Kidney has rugby’s toughest job, reckons Barnes

It will be no comfort to Declan Kidney as he prepares for a three-Test series in New Zealand but Sky Sports analyst Stuart Barnes believes the Ireland head coach has the hardest job in international rugby.

Kidney today names a preliminary squad for the pre-tour game against the Barbarians in Gloucester on May 29, having delayed the announcement by 24 hours to assess a number of injuries to his potential panel.

The former Munster coach will also no doubt be holding his breath this Saturday in fear of his players getting injured ahead of their series with the world champions during the all-Irish Heineken Cup final between Leinster and Ulster.

And that is not the only problem with that showpiece fixture that is hampering Kidney’s bid to emulate his first-season success in 2009, according to Barnes, who has a simple explanation for the failure to convert provincial success in Europe into Test glory.

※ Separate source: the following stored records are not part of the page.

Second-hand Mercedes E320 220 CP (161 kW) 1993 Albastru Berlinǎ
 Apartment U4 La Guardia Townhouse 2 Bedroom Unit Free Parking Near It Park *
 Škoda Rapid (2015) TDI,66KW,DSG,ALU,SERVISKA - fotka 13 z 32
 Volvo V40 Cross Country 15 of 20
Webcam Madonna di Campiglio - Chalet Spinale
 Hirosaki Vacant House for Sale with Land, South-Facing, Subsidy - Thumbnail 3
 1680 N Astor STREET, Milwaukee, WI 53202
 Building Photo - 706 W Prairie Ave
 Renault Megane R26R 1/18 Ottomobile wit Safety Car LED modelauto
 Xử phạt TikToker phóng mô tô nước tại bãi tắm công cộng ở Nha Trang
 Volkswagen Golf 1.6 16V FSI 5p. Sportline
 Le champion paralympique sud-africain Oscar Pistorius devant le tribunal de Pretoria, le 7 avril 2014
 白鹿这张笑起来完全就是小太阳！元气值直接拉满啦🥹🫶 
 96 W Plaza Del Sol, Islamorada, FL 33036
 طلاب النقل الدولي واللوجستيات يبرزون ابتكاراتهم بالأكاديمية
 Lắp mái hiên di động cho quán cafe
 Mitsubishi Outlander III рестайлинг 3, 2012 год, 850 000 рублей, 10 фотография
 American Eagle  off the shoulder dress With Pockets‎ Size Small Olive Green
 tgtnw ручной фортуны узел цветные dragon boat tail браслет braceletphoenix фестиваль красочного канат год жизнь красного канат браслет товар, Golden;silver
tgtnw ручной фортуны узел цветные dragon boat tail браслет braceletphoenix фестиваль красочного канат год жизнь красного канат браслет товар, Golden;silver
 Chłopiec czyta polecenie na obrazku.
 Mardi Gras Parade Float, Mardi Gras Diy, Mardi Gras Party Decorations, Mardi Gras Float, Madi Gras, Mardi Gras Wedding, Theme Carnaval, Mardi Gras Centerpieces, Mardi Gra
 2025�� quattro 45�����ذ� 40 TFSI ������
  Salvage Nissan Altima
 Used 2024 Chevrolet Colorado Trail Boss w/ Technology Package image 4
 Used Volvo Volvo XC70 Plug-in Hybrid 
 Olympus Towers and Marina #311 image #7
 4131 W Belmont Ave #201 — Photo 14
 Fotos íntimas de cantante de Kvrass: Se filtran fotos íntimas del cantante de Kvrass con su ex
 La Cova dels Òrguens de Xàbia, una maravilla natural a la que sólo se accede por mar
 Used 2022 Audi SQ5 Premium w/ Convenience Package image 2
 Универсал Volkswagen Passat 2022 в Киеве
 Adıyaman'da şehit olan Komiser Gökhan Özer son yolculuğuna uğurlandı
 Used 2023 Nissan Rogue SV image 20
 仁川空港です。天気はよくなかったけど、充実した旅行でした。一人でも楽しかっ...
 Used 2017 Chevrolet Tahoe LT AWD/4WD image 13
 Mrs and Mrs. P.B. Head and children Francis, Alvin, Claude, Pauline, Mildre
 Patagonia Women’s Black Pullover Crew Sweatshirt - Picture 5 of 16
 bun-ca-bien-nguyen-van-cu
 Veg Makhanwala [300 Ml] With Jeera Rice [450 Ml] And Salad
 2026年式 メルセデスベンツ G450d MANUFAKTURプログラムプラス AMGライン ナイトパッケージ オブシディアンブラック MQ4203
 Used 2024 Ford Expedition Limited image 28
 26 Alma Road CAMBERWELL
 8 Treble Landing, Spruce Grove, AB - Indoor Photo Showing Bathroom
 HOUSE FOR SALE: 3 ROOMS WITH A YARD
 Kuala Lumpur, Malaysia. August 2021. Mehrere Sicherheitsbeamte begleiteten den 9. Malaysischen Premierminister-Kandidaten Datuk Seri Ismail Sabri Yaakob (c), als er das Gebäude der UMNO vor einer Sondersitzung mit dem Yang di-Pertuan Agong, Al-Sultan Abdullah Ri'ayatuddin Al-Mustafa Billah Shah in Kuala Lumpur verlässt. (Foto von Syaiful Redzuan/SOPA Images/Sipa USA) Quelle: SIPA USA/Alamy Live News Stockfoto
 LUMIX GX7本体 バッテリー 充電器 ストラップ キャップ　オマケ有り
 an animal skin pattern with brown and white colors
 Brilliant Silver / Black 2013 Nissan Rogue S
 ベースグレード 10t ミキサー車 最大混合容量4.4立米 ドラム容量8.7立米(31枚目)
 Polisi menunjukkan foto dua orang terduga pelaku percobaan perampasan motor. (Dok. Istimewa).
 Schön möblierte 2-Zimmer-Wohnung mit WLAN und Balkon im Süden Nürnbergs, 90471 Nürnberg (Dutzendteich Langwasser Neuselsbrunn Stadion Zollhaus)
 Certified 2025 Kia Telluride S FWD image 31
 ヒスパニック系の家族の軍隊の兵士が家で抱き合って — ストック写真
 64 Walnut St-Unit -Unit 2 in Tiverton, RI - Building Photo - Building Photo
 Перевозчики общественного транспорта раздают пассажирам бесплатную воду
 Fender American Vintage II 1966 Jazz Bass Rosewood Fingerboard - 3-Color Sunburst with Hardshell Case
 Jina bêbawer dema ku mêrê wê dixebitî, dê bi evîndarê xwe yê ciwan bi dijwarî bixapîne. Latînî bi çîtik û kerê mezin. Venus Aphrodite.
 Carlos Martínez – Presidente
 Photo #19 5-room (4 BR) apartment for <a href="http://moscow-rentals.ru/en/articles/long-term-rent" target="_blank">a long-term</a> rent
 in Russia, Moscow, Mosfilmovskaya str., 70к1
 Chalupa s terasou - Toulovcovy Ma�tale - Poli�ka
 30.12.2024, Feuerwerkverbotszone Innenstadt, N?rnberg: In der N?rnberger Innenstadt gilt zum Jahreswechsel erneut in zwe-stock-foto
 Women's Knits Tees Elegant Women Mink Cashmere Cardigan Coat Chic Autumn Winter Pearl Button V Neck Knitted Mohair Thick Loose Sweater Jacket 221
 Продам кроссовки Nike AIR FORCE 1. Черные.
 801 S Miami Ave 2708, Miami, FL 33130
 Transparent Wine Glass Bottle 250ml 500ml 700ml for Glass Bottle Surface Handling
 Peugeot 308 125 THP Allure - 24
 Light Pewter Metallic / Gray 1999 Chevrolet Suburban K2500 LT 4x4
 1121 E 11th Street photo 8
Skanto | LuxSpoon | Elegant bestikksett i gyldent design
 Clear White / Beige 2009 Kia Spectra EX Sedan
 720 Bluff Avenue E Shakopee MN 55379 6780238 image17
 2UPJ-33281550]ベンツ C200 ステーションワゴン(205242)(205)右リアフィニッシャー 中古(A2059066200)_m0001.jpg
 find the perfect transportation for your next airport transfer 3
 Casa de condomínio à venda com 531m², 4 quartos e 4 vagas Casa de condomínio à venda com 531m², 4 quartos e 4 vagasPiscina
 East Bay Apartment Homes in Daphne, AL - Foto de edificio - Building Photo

“There is a correlation between regional strength and international weakness,” Barnes said yesterday in Dublin, as he previewed this weekend’s final for Sky Sports. “It is easier to come from a weak base and come up, if you have talented players in a country that doesn’t have too much depth, like Ireland and Wales.

“Wales have the Scarlets, Ospreys who are useful teams but not at the level of Leinster. They don’t seem as professional as the international team, so when the players go from the region to the national squad, it is a step up. Psychologically, that makes a difference.

“You look at Ireland — the Heineken Cup has become an all-important prize for the big three. Culturally, there has always been a chasm between how Leinster and Munster approach the game in terms of style and thought, while Ulster have their own style.”

That clash of styles and clearly defined province-by-province mindset further undermines Kidney, Barnes said.

“There has been a lot of criticism of Declan Kidney because he hasn’t been able to translate Heineken success into international success, but the players are arriving with such a clear identity — be it Munster or Leinster or Ulster — and that is much harder to meld into a whole than it would be for [Wales coaches] Warren Gatland, Shaun Edwards and Rob Howley.

“They get players from the Scarlets, the Blues and they are more than happy to play together. I don’t think there is a happy convergence in Ireland and it is a mark of the strength of the regions. It makes it extremely difficult for Kidney or whoever takes over from Declan when that time comes.”

Meanwhile, heaping on the pressure, New Zealand coach Steve Hansen has vowed to use the three tests against Ireland to blood the next generation of All Blacks. Hansen, who took over from Graham Henry in the wake of the All Blacks’ World Cup triumph, named 21 of the players that helped clinch the Webb Ellis trophy in his 35-man squad for training camps, but also a slew of uncapped youngsters.

“We do have a large amount of the squad getting near 30 or plus-30 [years of age]. Over the next one to four years we’re going to have to make some changes,” he said.

“We feel at some point [the younger players] will don the All Blacks jersey and why not bring them in and let them experience the huge expectations and feelings in that camp?”

New Zealand squad (v Ireland): C Faumuina, M Nonu, K Mealamu, P Weepu, A Williams, T Woodcock, S Cane, A Cruden, R Kahui, T Kerr-Barlow, B Retallick, B Tameifuna, SB Williams, B Barrett, C Jane, J Savea, B Shields, C Smith, V Vito, D Carter, W Crockett, I Dagg, A Ellis, B Franks, O Franks, R McCaw, K Read, L Romano, L Whitelock, S Whitelock, T Ellison, A Hore, A Smith, B Smith, A Thomson.